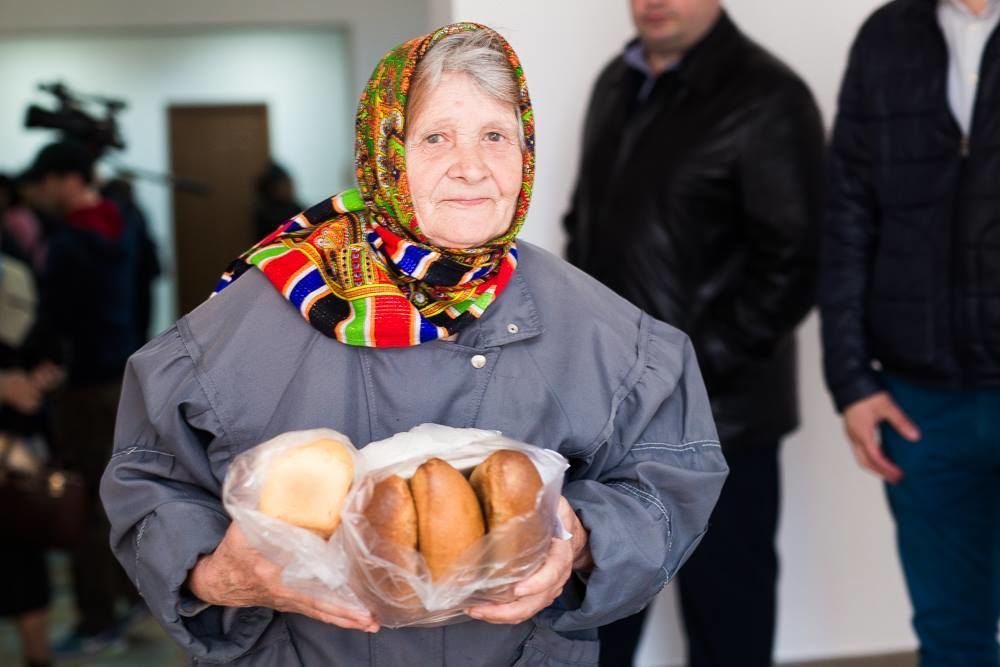 Partidul Șor a mai deschis încă un magazin social. De această dată în capitala Găgăuziei.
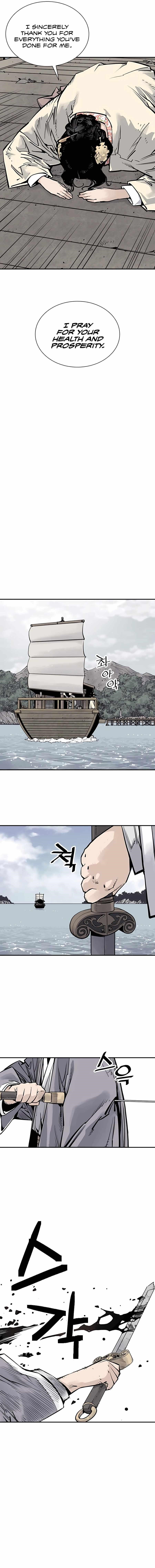 Death God Chapter 18 - Page 11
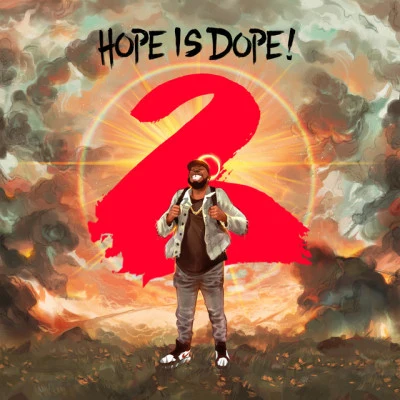 Hope Is Dope 2 專輯 Jered Sanders/Sevin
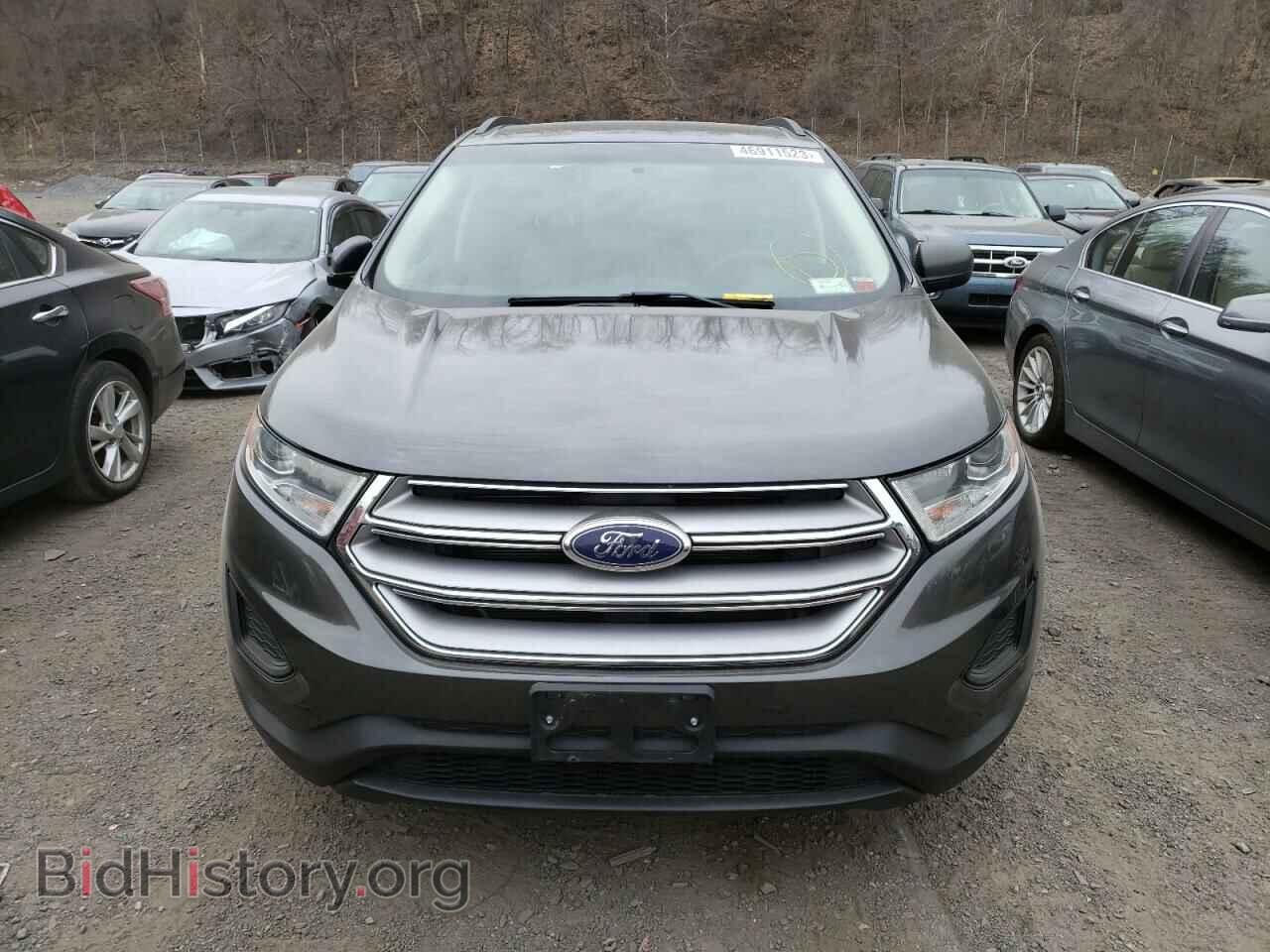 2017 FORD EDGE - VIN: 2FMPK4G94HBC06965 - Photo 5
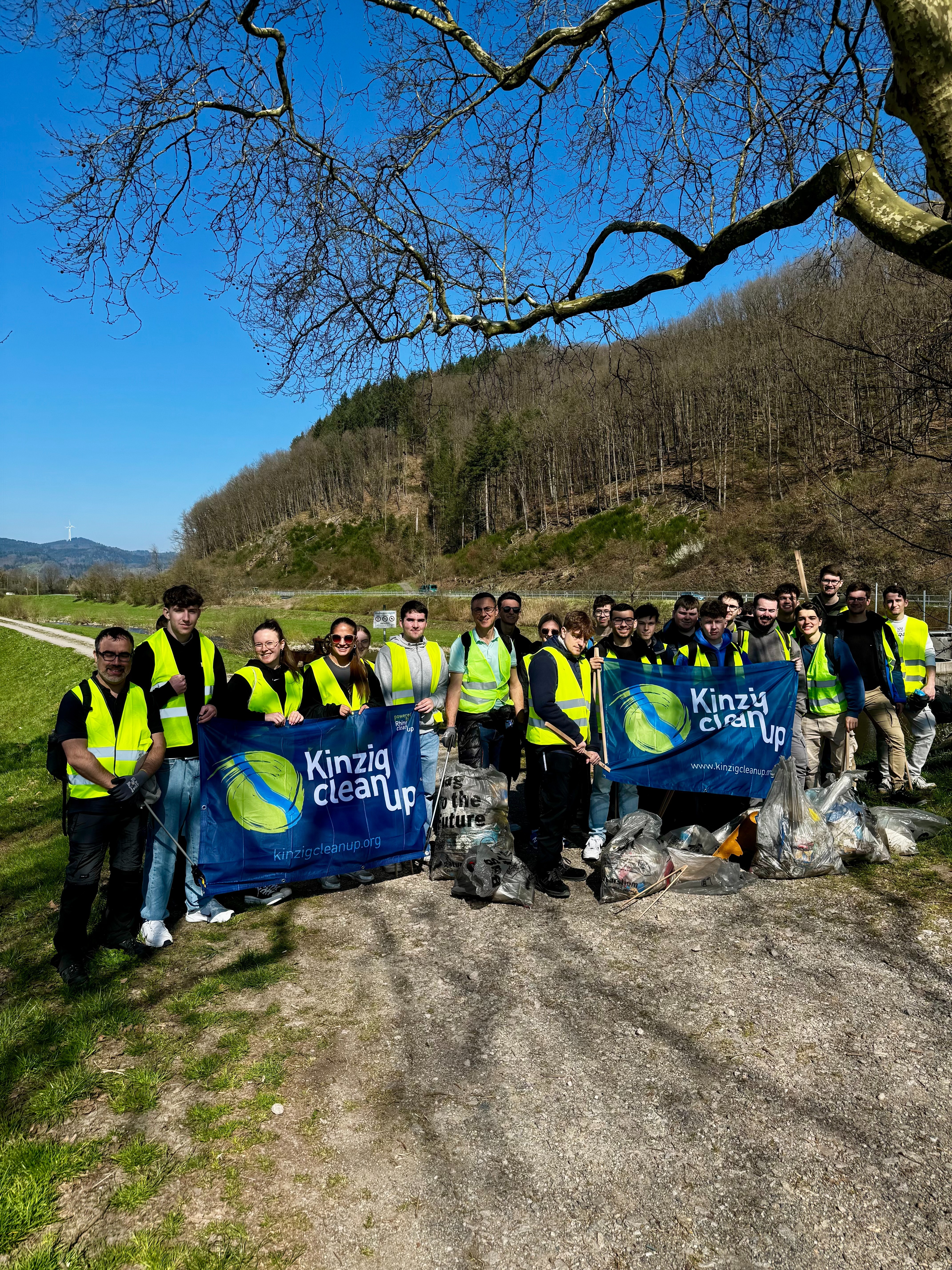 Re[h]ady for Takeoff – Karl Knauer x Hydro für die Kinzig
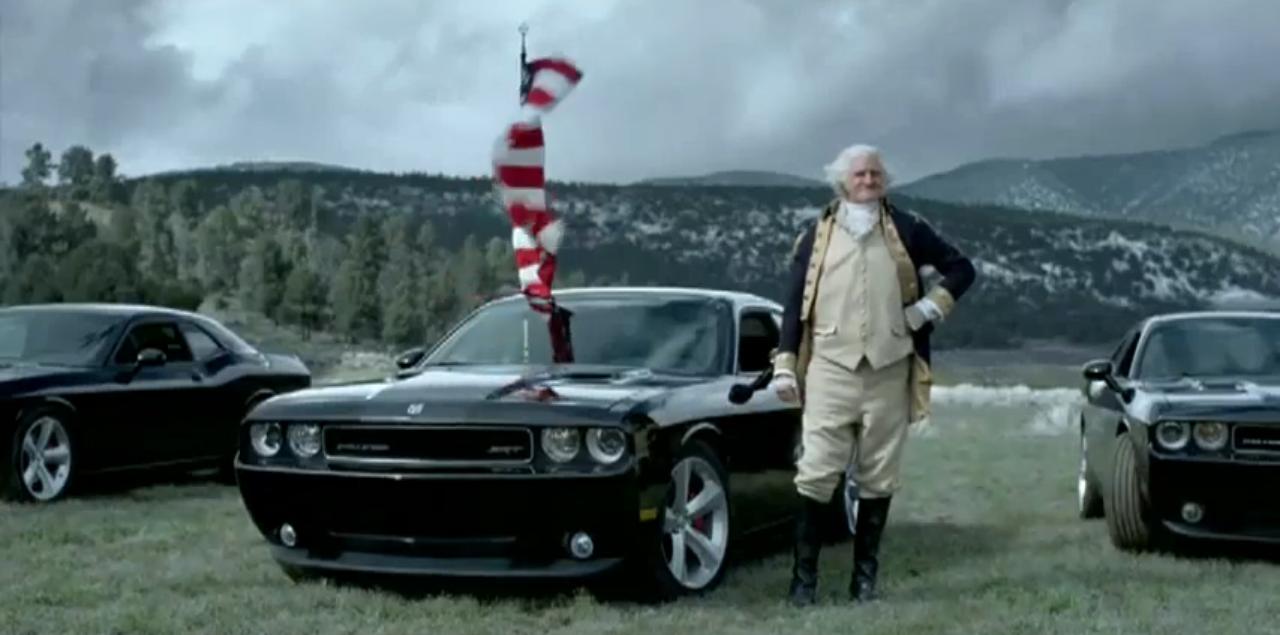 Dodge Challenger Freedom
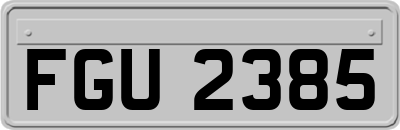 FGU2385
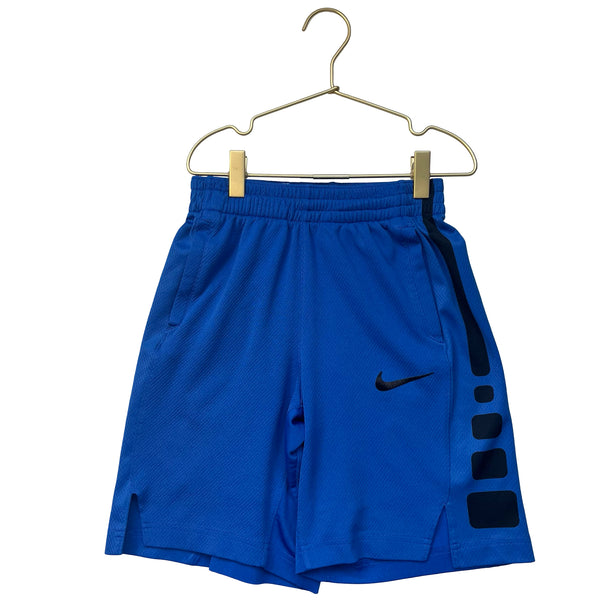 Nike Blue Athletic Shorts - Size M 10-12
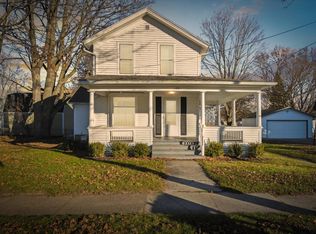 109 Woodworth St, Leslie, MI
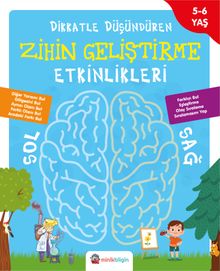 Dikkatle Düşündüren Zihin Geliştirme Etkinlikleri 1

########################################

TASK PROMPT.
Only the lines starting at the one that holds "Nike Blue Athletic Shorts - Size M 10-12" and ending at the last line of the data belong in your answer. Please set them down exactly and omit the pictures.

TASK ANSWER.
 Nike Blue Athletic Shorts - Size M 10-12
 109 Woodworth St, Leslie, MI
 Dikkatle Düşündüren Zihin Geliştirme Etkinlikleri 1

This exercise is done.